You'd be surprised how well this stuff works for even for large data, because you're pulling down from object storage that is supposed to be performant. Backblaze is not as performant as Cloudflare R2, or at least in my experience, but I have both because you don't want to put your eggs in one basket, especially backups.

No in-place upgrades

So I have two of everything, another rule that I have. The other one is don't do in-place upgrades. It's not worth it. So when you do an upgrade, then you would actually just spin up an entirely new cluster? Okay. So also just like completely new, well, not new, but like different hardware, spin up a new cluster, and then you decommission the old one, and that becomes your staging cluster. I'm thinking of it blue-green, but long-term blue-green. I'm always between blue and green.

And it removes all the pressure from having to do the upgrades straight away. It'll either work or not work. No, I'm setting things up. It's almost like buying a new car, but in this case, it's more practical because it's not a car. You do need to have a bit more hardware, but you have that anyway, because you have generations of hardware. You have your old laptop and the older laptop and whatever. So that's my case as well. Also, very controversial, my clusters are single-node. Ooh, spicy.

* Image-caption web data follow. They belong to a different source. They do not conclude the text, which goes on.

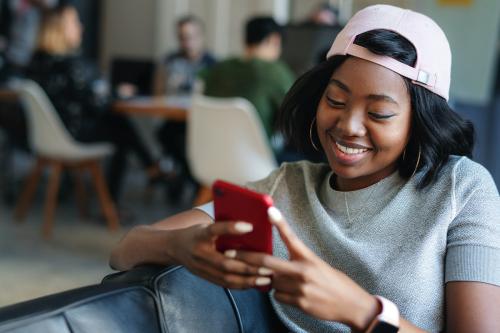 Cheerful black woman texting to her friend - 2012541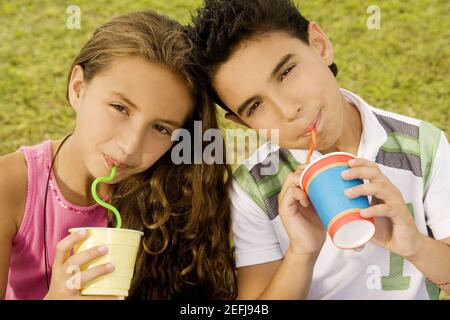 Porträt eines Bruders und einer Schwester, die mit Strohhalmen trinken Stockfoto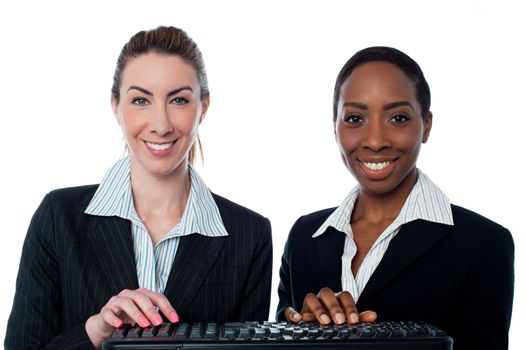Two female executives typing on keyboard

I know, right? Yeah, you can get some pretty big single-node instances. And unless you really understand your networking and can deal with etcd, and you can do uneven numbers, knowing how Raft works and how leader election works and all of that, you need three, five, seven, you're pushing it a bit. If you go beyond nine, you're basically like in a whole new world. I think very few have more than nine nodes in their homelabs. But that should be the absolute limit for many reasons.

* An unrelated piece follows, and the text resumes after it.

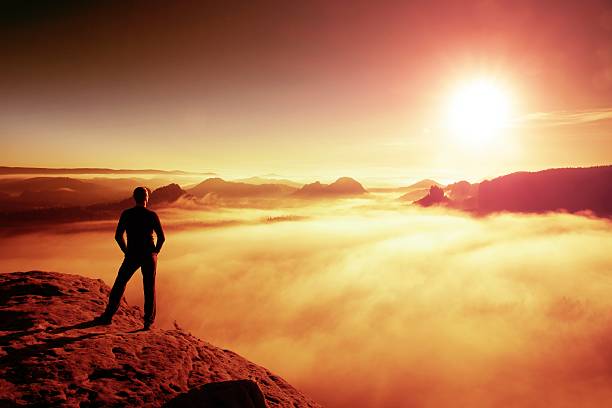 istock Hiker in black stands on rock abve valley within daybreak 503054506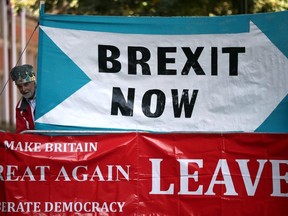 A crown-wearing pro-Brexit demonstrator stands next to banners outside the Supreme Court of the United Kingdom, in London, Britain September 18, 2019.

These systems are so advanced that they will continuously converge, and you can have problems and not even know that you're having problems. That's how refined they're getting. And usually when you get into DNS and if you get into network latencies and switch upgrades, and you have to deal with all these scenarios. Single-node, you don't. In that metric, I am currently at four, but I had five for a particular reason. But you have a single control plane? Currently, yes. Right.

So that's slightly different. So single control plane, that's almost like the middle ground. So the control plane is not HA. In my case, my control plane is not HA, but all my workloads fit on the control plane node. Yeah, I see. And then I have two right now, and then basically one is blue, one is green. So I have two home labs, and I just switch between them. And it takes me months to go from one to the other. So nothing is rushed. I can experiment, I can try things out.

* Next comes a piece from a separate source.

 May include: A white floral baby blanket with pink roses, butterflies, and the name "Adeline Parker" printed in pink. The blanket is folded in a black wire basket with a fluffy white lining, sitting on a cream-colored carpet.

And if one was to break, I always have like a spare that I can go back to. That's the other thing. I used to have a staging cluster and that ran exactly the same. And I would just then update the GitOps for the production one if everything went right. However, I actually started needing to expand my production cluster with extra nodes. And I cannibalized some from my staging. And so that one's not operational anymore.

And to give you an alternative perspective on not doing in-place upgrades, I found that it makes me think about my systems to have them more resilient and easier to restore. And I'm not in the stage where I have auto restore like you, but what I emphasize a lot on my current cluster is I don't want to have anything persistent outside of databases. So my databases are running in with the EDB operator, Enterprise DB. And then using Barman, I'm also storing those in object storage.

And that has been a really good exercise like four times already. I lost all of my databases because I was a bit too experimental. Tinkering. You were tinkering. Yeah, it happens. That's how you know that you're tinkering the right way. When you break stuff, you're pushing the limits. So I've actually gained a lot of confidence in my setup now that I can actually just delete the whole thing and then restore it from object storage because everything is in databases.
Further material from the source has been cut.